Quentin Martin, Chief Executive Officer
Phone: (+44) 7498 181 863
Real Luck Group Ltd.
James McMath, Media Manager
Phone: (+44) 7811 608930
Nikhil Thadani, Sophic Capital
Phone: (647) 670-2882
CAUTION WITH RESPECT TO FORWARD-LOOKING STATEMENTS
The TSX Venture Exchange has neither approved nor disapproved the contents of this press release. Neither TSX Venture Exchange nor its Regulation Services Provider (as that term is defined in policies of the TSX Venture Exchange) accepts responsibility for the adequacy or accuracy of this release.
Cautionary Note Regarding Forward-Looking Statements: This release includes certain statements and information that may constitute forward-looking information within the meaning of applicable Canadian securities laws or forward-looking statements within the meaning of the United States Private Securities Litigation Reform Act of 1995. All statements in this news release, other than statements of historical facts, including statements regarding future estimates, plans, objectives, timing, assumptions or expectations of future performance, including information concerning the Offering, the anticipated closing date and use of proceeds thereof, timing for the filing of the Prospectus and obtaining receipts for the Prospectus, are forward-looking statements and contain forward-looking information. Generally, forward-looking statements and information can be identified by the use of forward-looking terminology such as “intends” or “anticipates”, or variations of such words and phrases or statements that certain actions, events or results “may”, “could”, “should”, “would” or “occur”.
Forward-looking statements are based on certain material assumptions and analysis made by the Company and the opinions and estimates of management as of the date of this press release, including that regulatory approval of the Offering will be obtained in a timely manner; and that the agreement with Gravitas will not be terminated in accordance with its terms. These forward-looking statements are subject to known and unknown risks, uncertainties and other factors that may cause the actual results, level of activity, performance or achievements of the Company to be materially different from those expressed or implied by such forward-looking statements or forward-looking information. Important factors that may cause actual results to vary, include, without limitation, risks that the Company will not obtain the requisite approvals or otherwise satisfy the necessary conditions precedent to complete the Offering, adverse market conditions, risks inherent in the Company’s business in general, that the proceeds of the Offering may need to be used for purposes other than as set out in this news release and other factors beyond the control of the Company.
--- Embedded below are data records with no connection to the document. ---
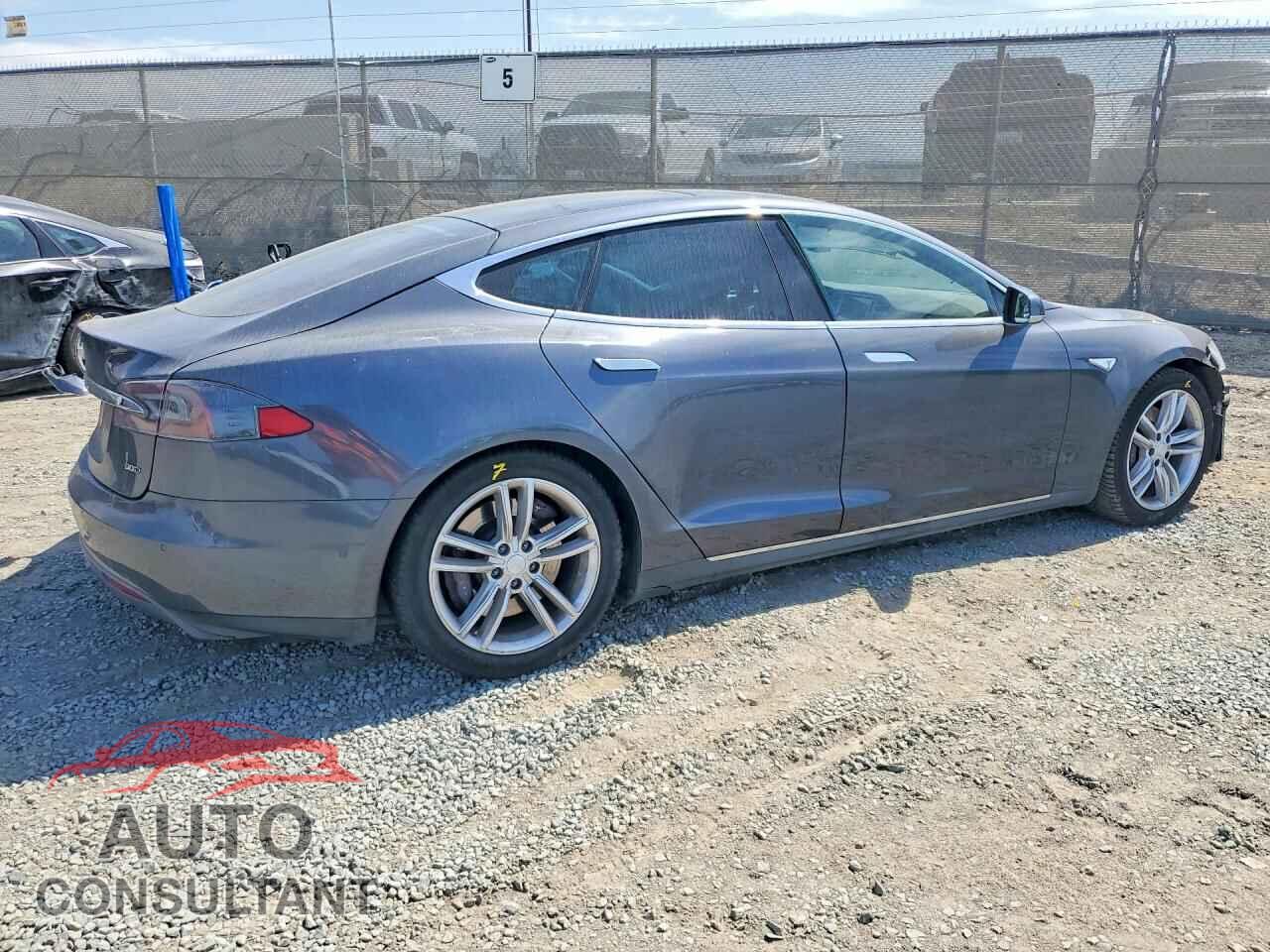 TESLA MODEL S 2015 - 5YJSA1E22FF116364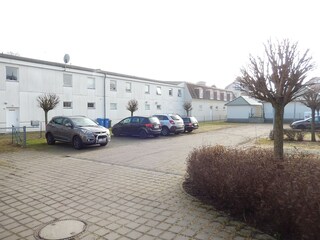 Parkplatz direkt hinter dem Haus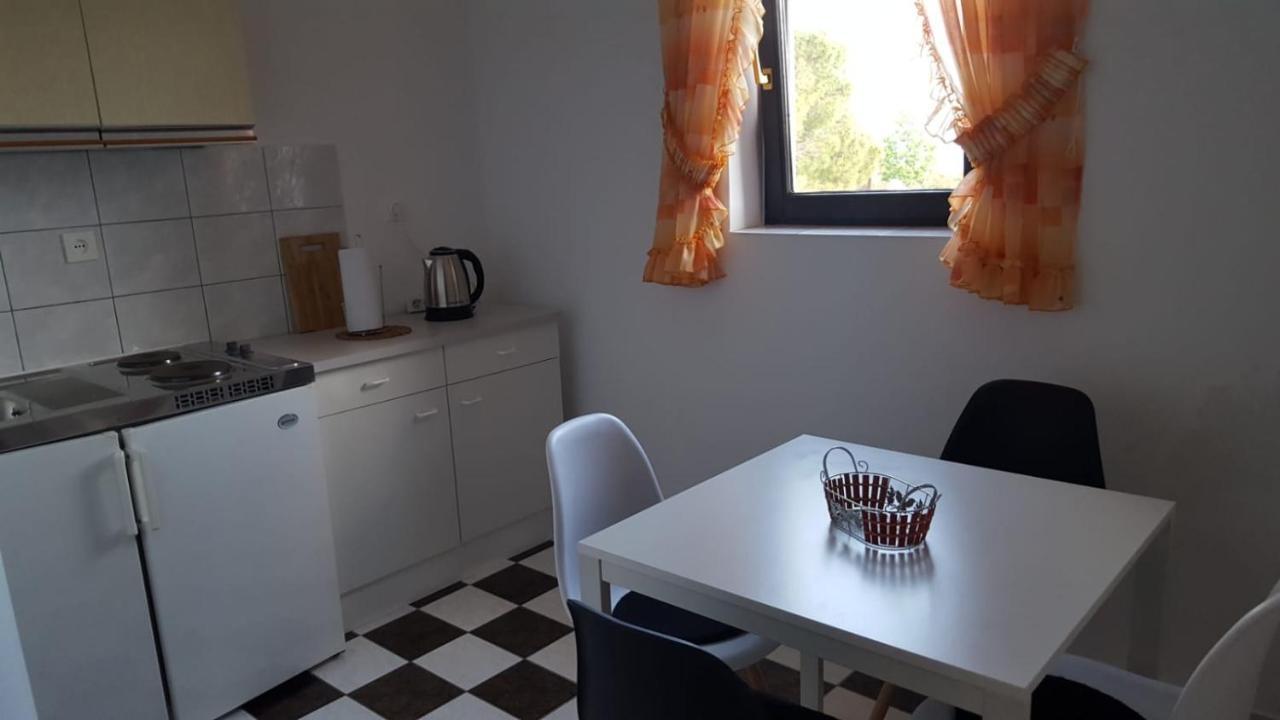 Apartmani Laura Trogir Kültér fotó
Although management of the Company has attempted to identify important factors that could cause actual results to differ materially from those contained in forward-looking statements or forward-looking information, there may be other factors that cause results not to be as anticipated, estimated or intended. There can be no assurance that such statements will prove to be accurate, as actual results and future events could differ materially from those anticipated in such statements. Accordingly, readers should not place undue reliance on forward-looking statements and forward-looking information. Readers are cautioned that reliance on such information may not be appropriate for other purposes. The Company does not undertake to update any forward-looking statement, forward-looking information or financial out-look that are incorporated by reference herein, except in accordance with applicable securities laws.